Your task »
Reproduce the full listing without a single change.

Recorded information »
--*--

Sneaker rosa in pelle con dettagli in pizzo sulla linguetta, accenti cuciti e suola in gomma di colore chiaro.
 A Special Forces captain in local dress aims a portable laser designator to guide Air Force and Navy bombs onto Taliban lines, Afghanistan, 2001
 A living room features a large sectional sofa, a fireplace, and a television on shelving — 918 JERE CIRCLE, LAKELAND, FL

--*--

Exercise answer »
Sneaker rosa in pelle con dettagli in pizzo sulla linguetta, accenti cuciti e suola in gomma di colore chiaro.
 A Special Forces captain in local dress aims a portable laser designator to guide Air Force and Navy bombs onto Taliban lines, Afghanistan, 2001
 A living room features a large sectional sofa, a fireplace, and a television on shelving — 918 JERE CIRCLE, LAKELAND, FL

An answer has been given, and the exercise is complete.